DATASET CONTENT
———

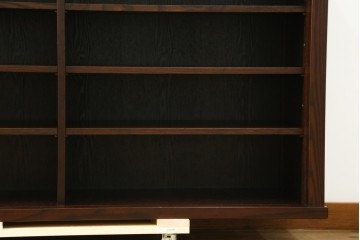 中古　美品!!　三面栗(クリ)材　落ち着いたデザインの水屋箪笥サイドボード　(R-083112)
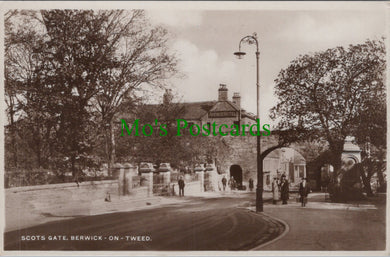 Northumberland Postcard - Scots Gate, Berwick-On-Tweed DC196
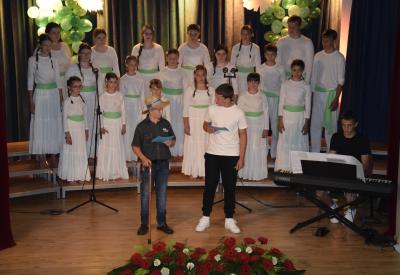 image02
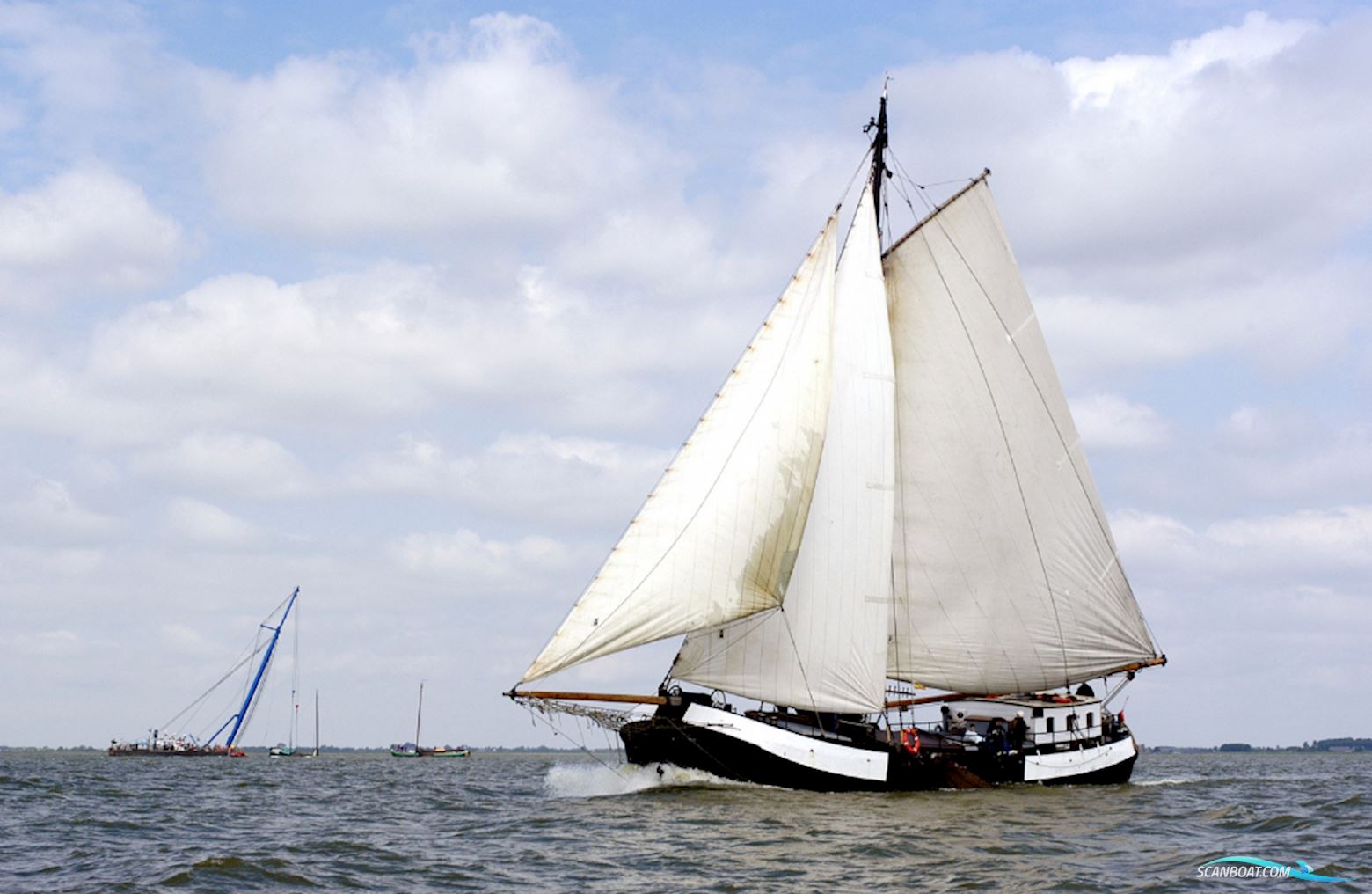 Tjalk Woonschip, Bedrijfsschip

———

WORK INSTRUCTIONS
For this task, give the full listing again verbatim and keep out every picture.

EXERCISE OUTPUT
 中古　美品!!　三面栗(クリ)材　落ち着いたデザインの水屋箪笥サイドボード　(R-083112)
 Northumberland Postcard - Scots Gate, Berwick-On-Tweed DC196
 image02
 Tjalk Woonschip, Bedrijfsschip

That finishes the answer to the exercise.